_What the task asks_:
Taking the line that contains "main property photo 5" as the start and the last line of the data as the end, repeat exactly every line in that span, but no pictures.

___ Records for this exercise ___

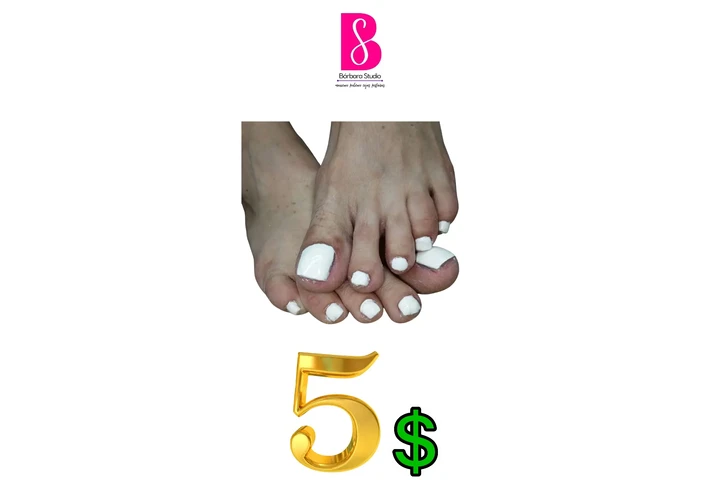 Pedicure Semipermanente image 1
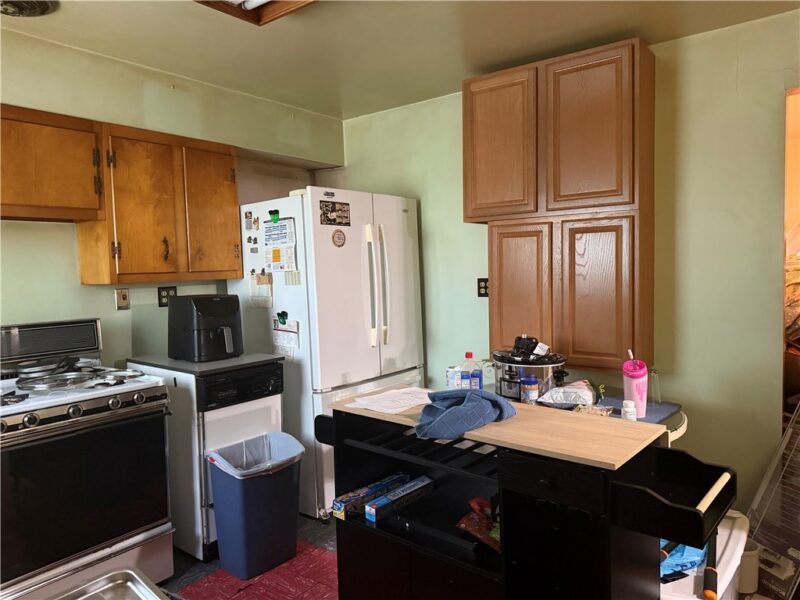 1160 Mckenna Ave — photo 7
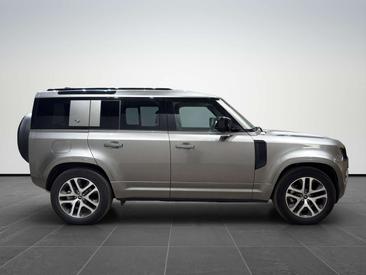 Land Rover Defender 90 D250 MHEV — photo 4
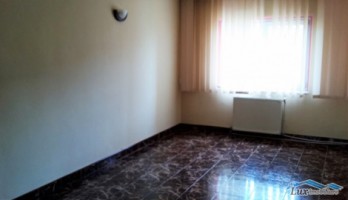 apartament-3-camere-zona-oituz-muntele-sionului-58000-e-6
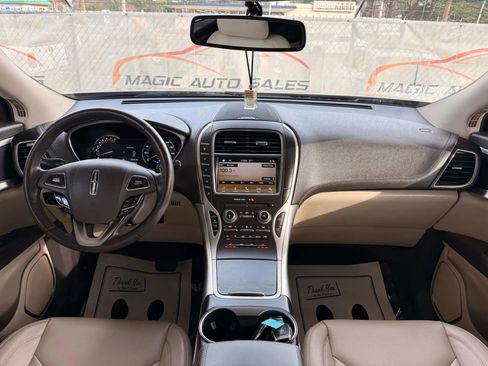 Used 2018 Lincoln MKX Premiere image 27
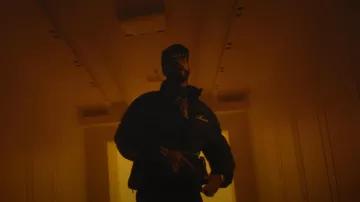 Chapeau Amiri Black Crystal Logo porté par Anuel AA dans BLESSD ❌ ANUEL AA | MIRAME REMIX (VIDÉO OFFICIELLE)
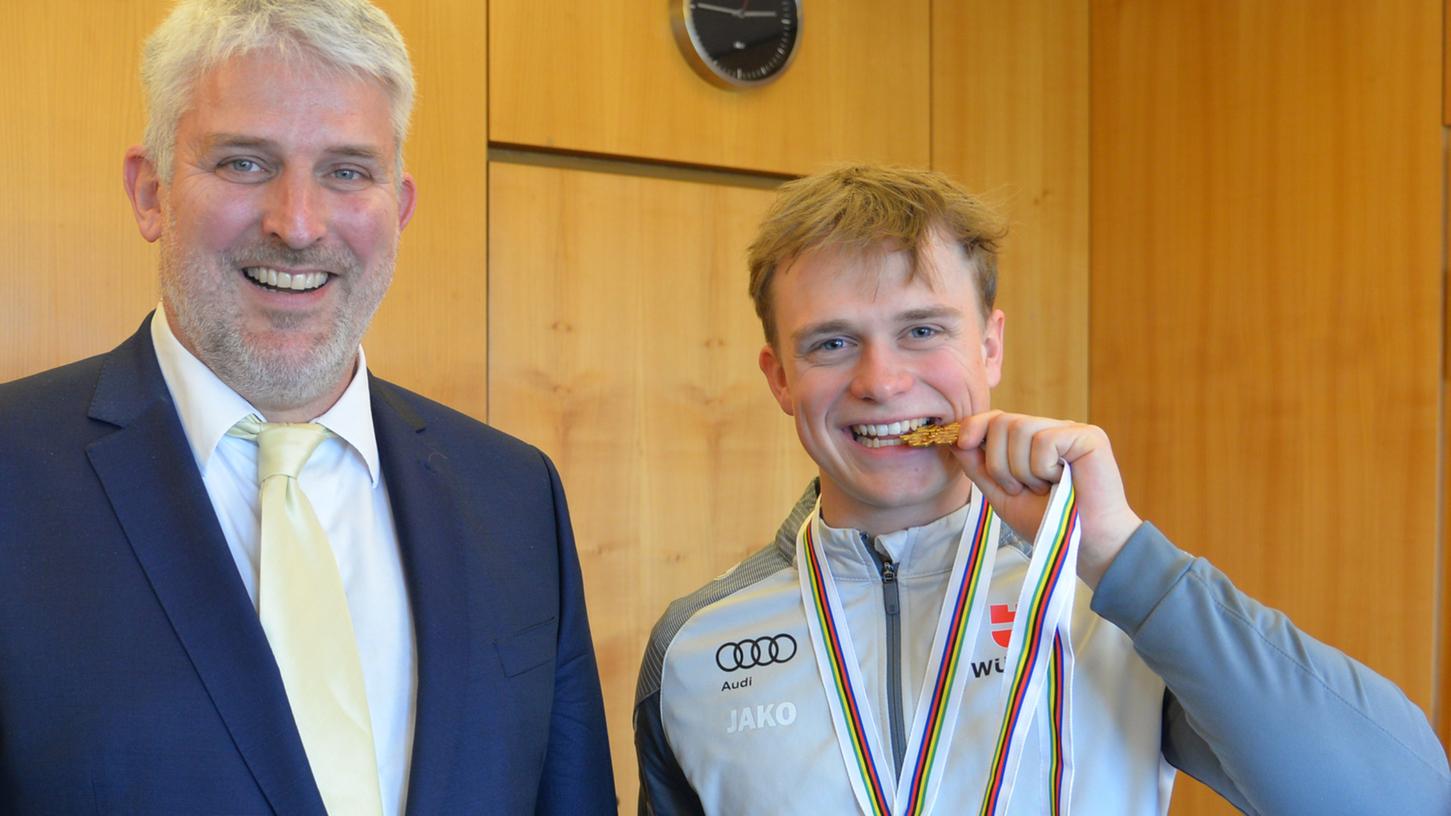 Die Goldmedaille besteht den Härtetest: Der neue Skicross-Juniorenweltmeister Till Hugenroth (rechts) präsentierte Laufs Bürgermeister Thomas Lang bei einem Empfang seine Ausbeute von der WM im schwedischen Idre Fjäll.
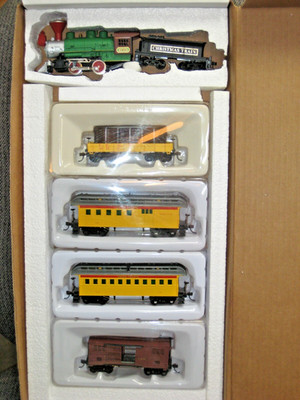 HO 0-4-0 OLD TIME LOCO W/CHRISTMAS TENDER MANTUA UNION PACIFIC CARS RRC01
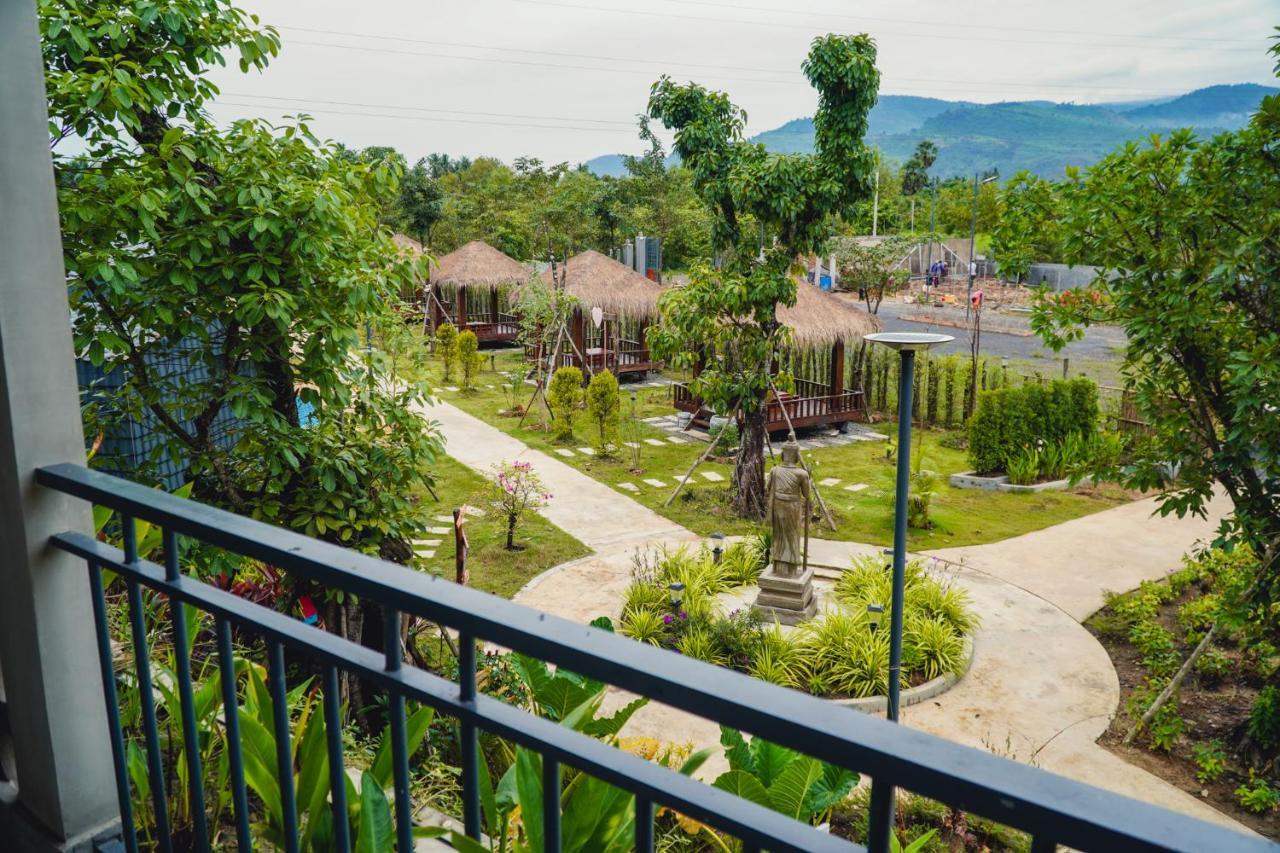 Kampot Tropical Village Exterior foto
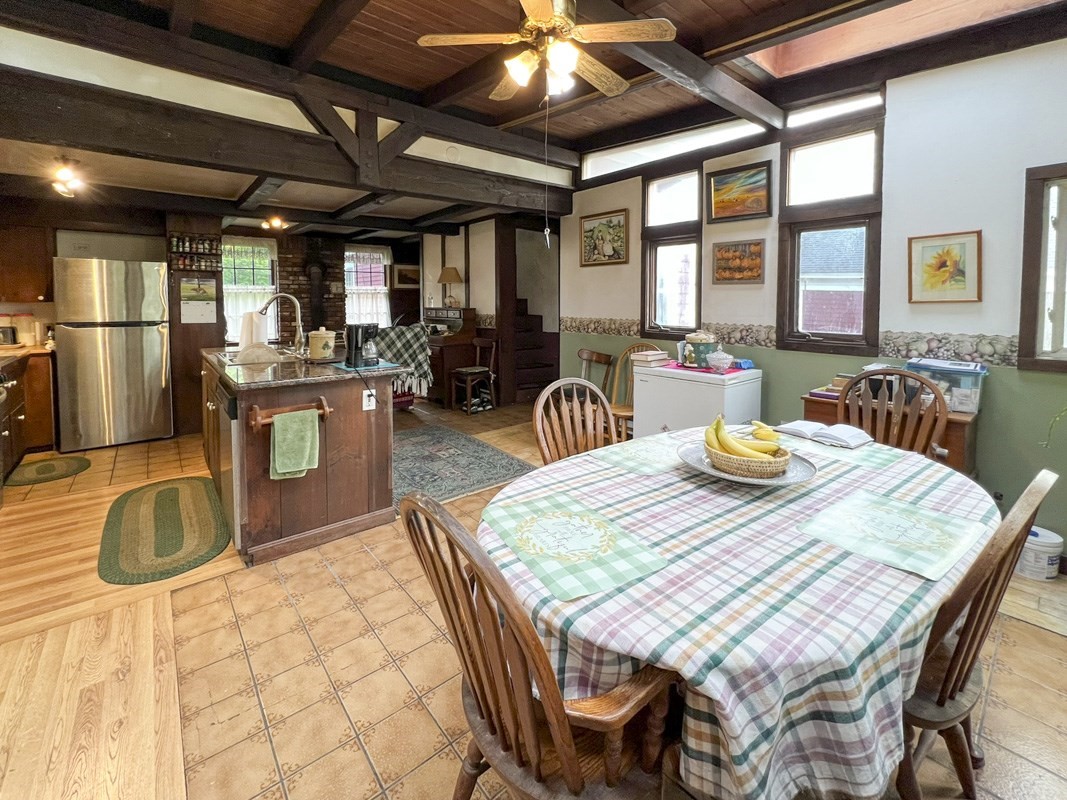 main property photo 5
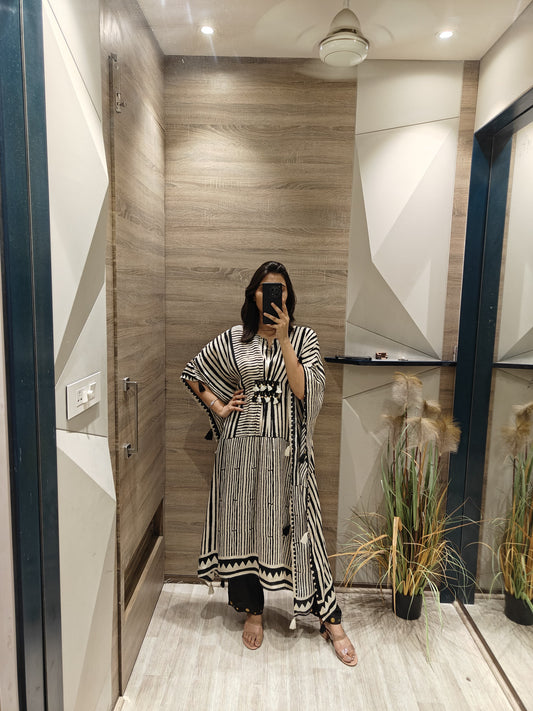 Black pure muslin stylish kaftan set (A109)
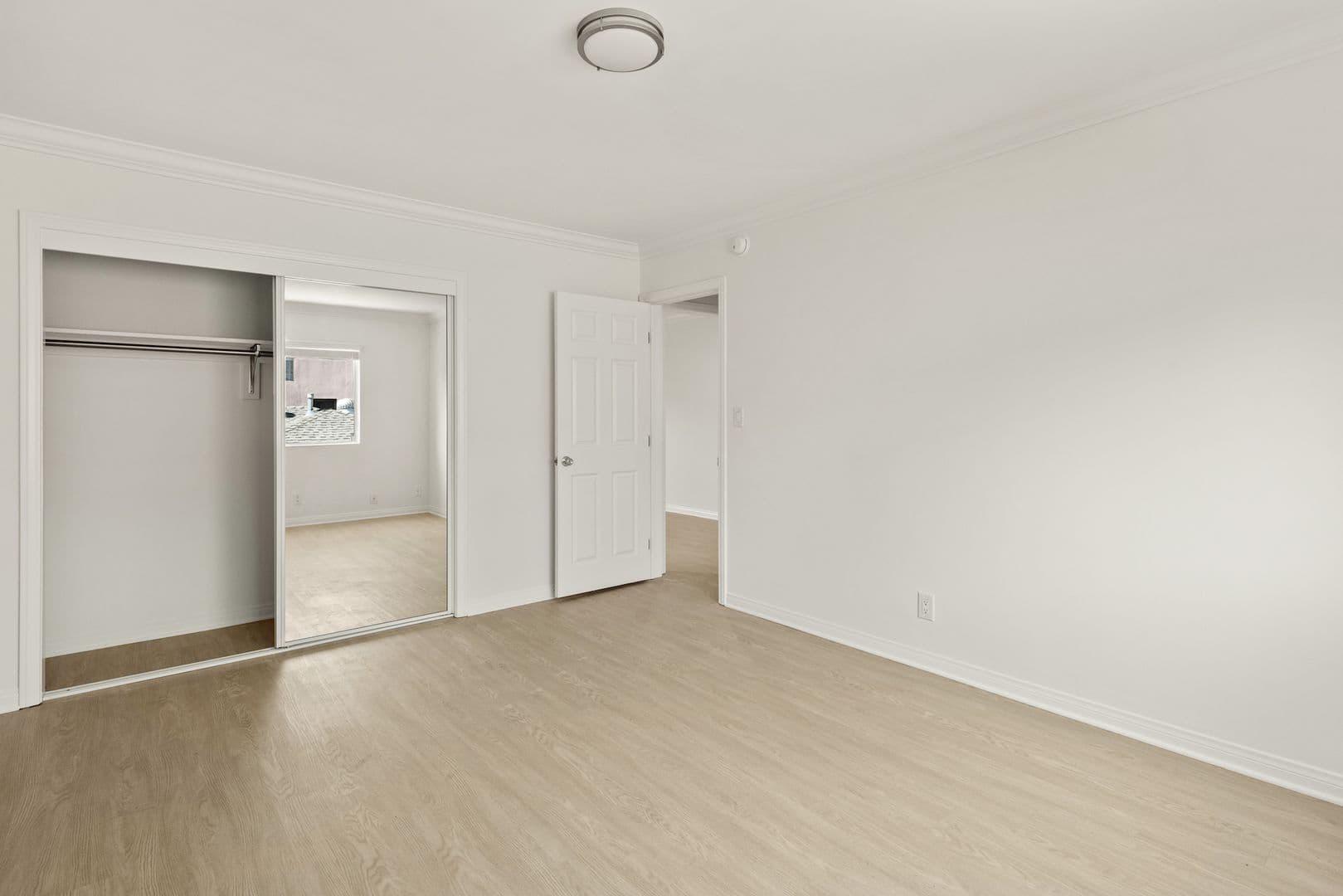 Los Angeles Apartment: 1726 Barrington Ave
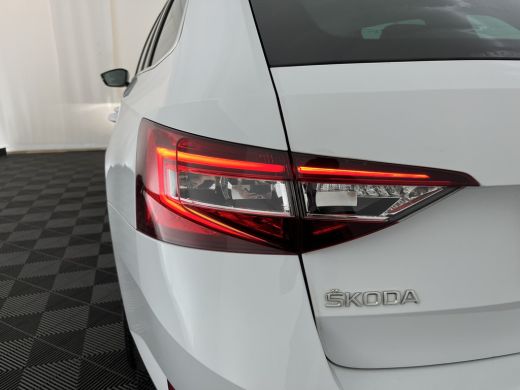 Skoda Superb Combi 1.5 TSI ACT Style Business (INCL-BTW) Aut. *LEATHER-MICROFIBRE | XENON | CANTON-AUDIO | MEM... ActivLease financial lease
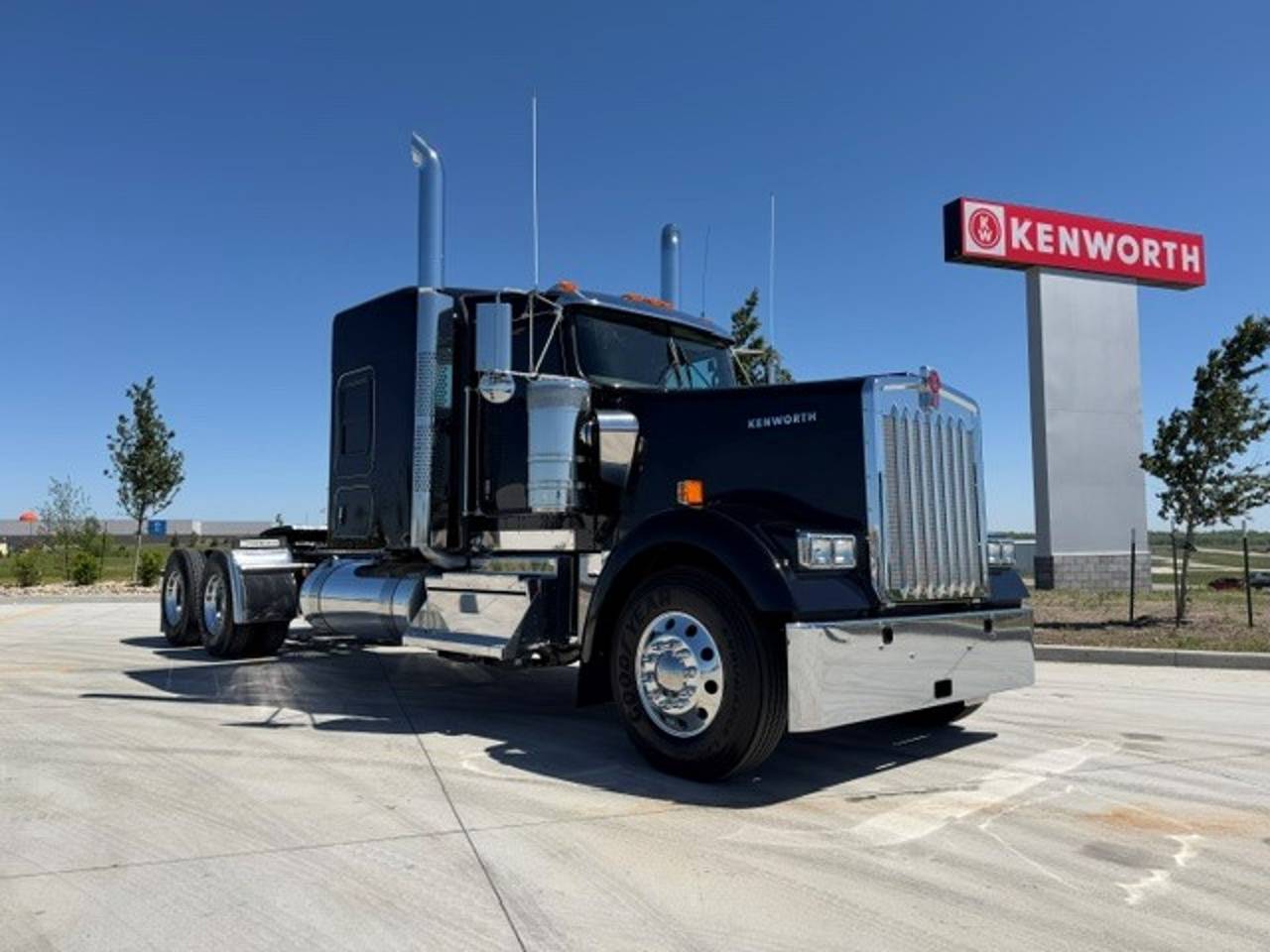 2027 Kenworth W900L 72" Flat Top Sleeper, exterior photo 1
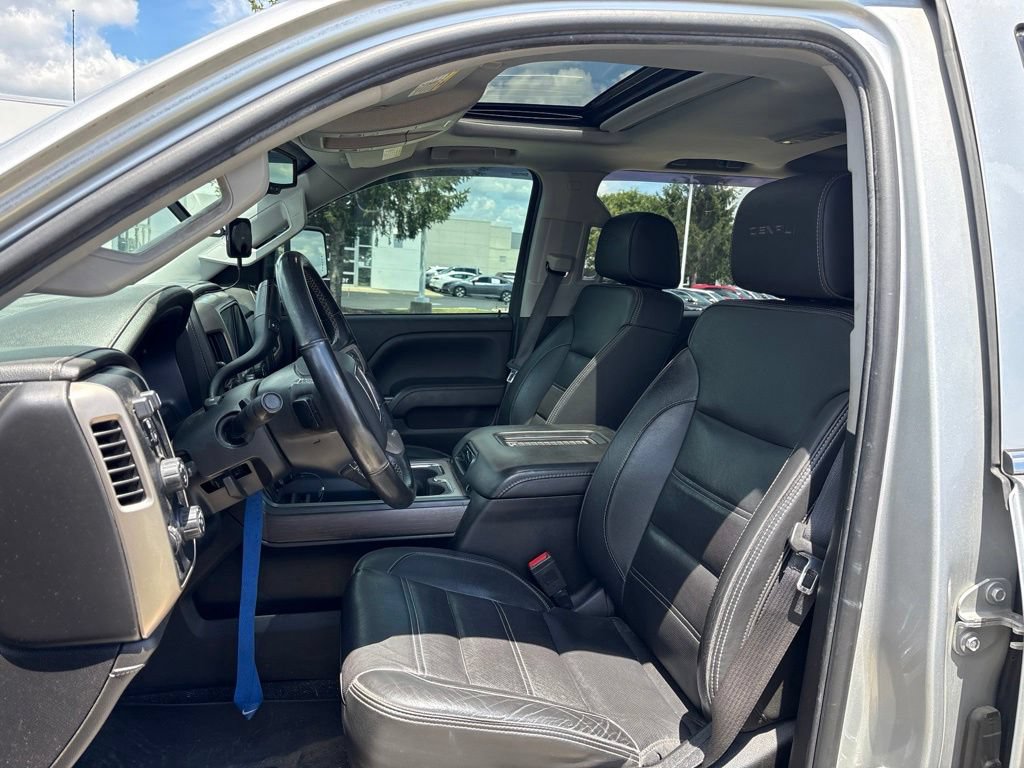 Used 2019 GMC Sierra 2500 Denali w/ Duramax Plus Package AWD/4WD image 17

___

_Exercise output_:
 main property photo 5
 Black pure muslin stylish kaftan set (A109)
 Los Angeles Apartment: 1726 Barrington Ave
 Skoda Superb Combi 1.5 TSI ACT Style Business (INCL-BTW) Aut. *LEATHER-MICROFIBRE | XENON | CANTON-AUDIO | MEM... ActivLease financial lease
 2027 Kenworth W900L 72" Flat Top Sleeper, exterior photo 1
 Used 2019 GMC Sierra 2500 Denali w/ Duramax Plus Package AWD/4WD image 17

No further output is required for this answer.